Nikolas Schiller, co-founder of the marijuana legalization advocacy group DCMJ, said even businesses and pop-ups who claim to be Initiative 71-compliant have a misunderstanding of the current law, as gifting is not a purely charitable exchange and some value in the deal has to account for the plant.
“Just because the government hasn’t cracked down on that doesn’t necessarily make it lawful,” he said. “So there’s a lot of businesses that are operating in a very gray area in regards to what they think is lawful.”
Schiller, who graduated with a bachelor’s degree in computer science and geography from GW in 2004, said delivery services that gift marijuana to individuals are still not following guidelines, but fly under the radar due to the personal nature of transactions in comparison to larger events. He added that other states like Colorado experienced similar issues in their first year of cannabis legalization.
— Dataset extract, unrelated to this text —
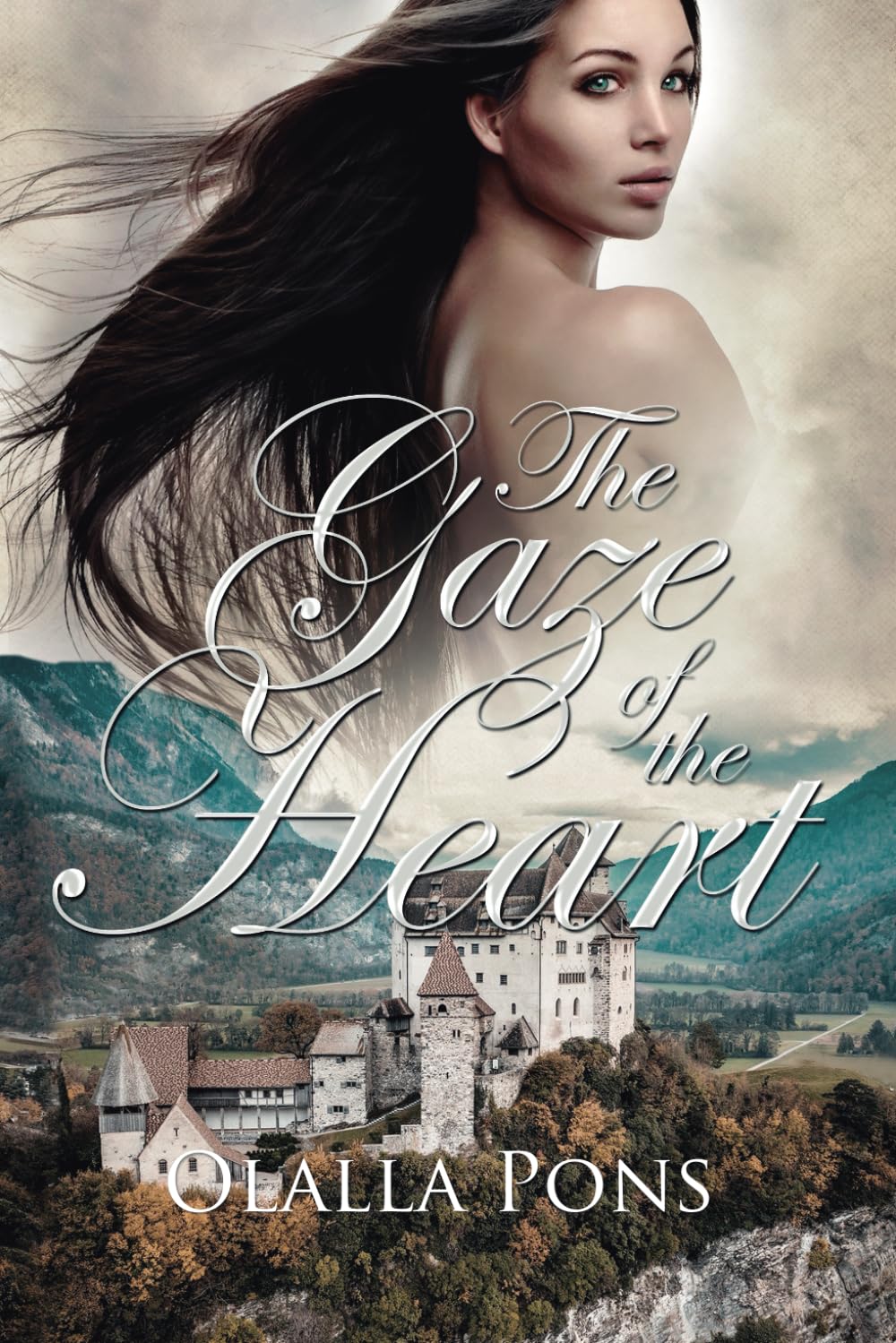 The Gaze of the Heart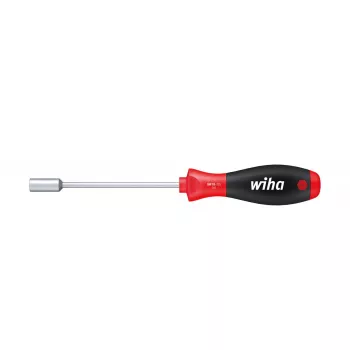 Rankinis atsuktuvas Wiha 01021 Vienkryptis atsuktuvas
Lately their events are tackling issues other than gifting pop-ups, because Schiller said the current state of the law bans commercializing marijuana. Instead the group is focusing on other local issues, like erasing prior charges for marijuana consumption or possession.
But DCMJ has previously hosted events – like handing out joints during the inauguration of President Donald Trump last year – to promote the full legalization of marijuana. During the first month of Initiative 71, DCMJ planned a seed share of more than 20,000 marijuana seeds at a D.C. bar, where there was “nothing running afoul with the law” because there was no consumption.
“We ended up having a line I don’t know how many blocks long,” he said. “Five or six blocks.”